Week 5




Forgiveness

It seems like the older I get, the less I care about certain things. I get less anxious about things out of my control, and I have let go of past burdens. One of my major flaws was and still is not being able to live in the present moment. I still look towards the future, I need to plan after all, but I don’t look back at the past anymore. And If I do look back, the looking is usually accompanied by happy feelings. I recently realized that I have forgiven everyone that I felt wronged by in middle school. I had mentally forgiven them a long time ago, but I still held a grudge in my heart. However, now, I find it rather silly to hold a grudge against them.
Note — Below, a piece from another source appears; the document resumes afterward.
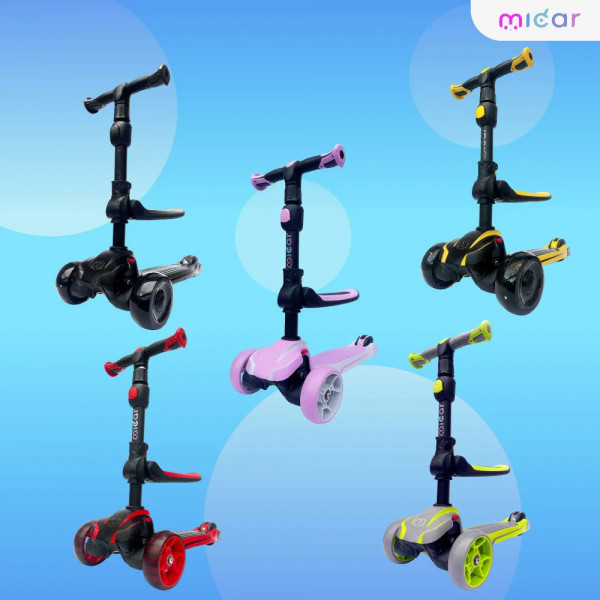 Детский самокат-беговел 2 в 1 Scooter Micar Moby Plus Серо-зелёный со светящимися колёсами и передними амортизаторами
After all, people change, especially during adolescence. When I was 13, I wasn’t a crappy person, but I am a much better person now. Not better in terms of morals, better in terms of quality. This growth is natural, of course, because experience brings wisdom. A lot of the things I did when I was younger was a result of:

Caring too much about what others thought of me
Being too young to understand the right way to handle a situation

So if I have changed a lot, then I know my old classmates have as well. The people I was angry at don’t really exist anymore. The nice part about forgiving people is how you feel after you do it. You feel lighter, and you don’t feel defined or shaped by other people. You also feel affection. After you let go of negative feelings toward someone, you’re left with positive (or neutral) ones. My newly positive attitude toward my ex-classmates is what made me realize that I forgave them. I am genuinely happy that they are doing well, and there are no “buts” about it. I think the time has given me perspective. It has also boosted my self-esteem. I really didn’t like myself when I was younger. The funny thing is, though, I never tried to change my personality. I just lived in contempt for myself. But now, I like who I am as a person, inside and out. I think that my boost in self-esteem is a reason why I forgive my peers. I simply no longer care about their opinions. Since I don’t care about what they think of me, I am no longer hurt by my past. You know that saying, you have to love yourself before you can love anyone else? I think it has some truth in it.

Brain Empty

I actually do have some other thoughts for the week, but the previous topic has been on my mind for a little while. It also came up two times the day I wrote it, so I thought it was time to write about it.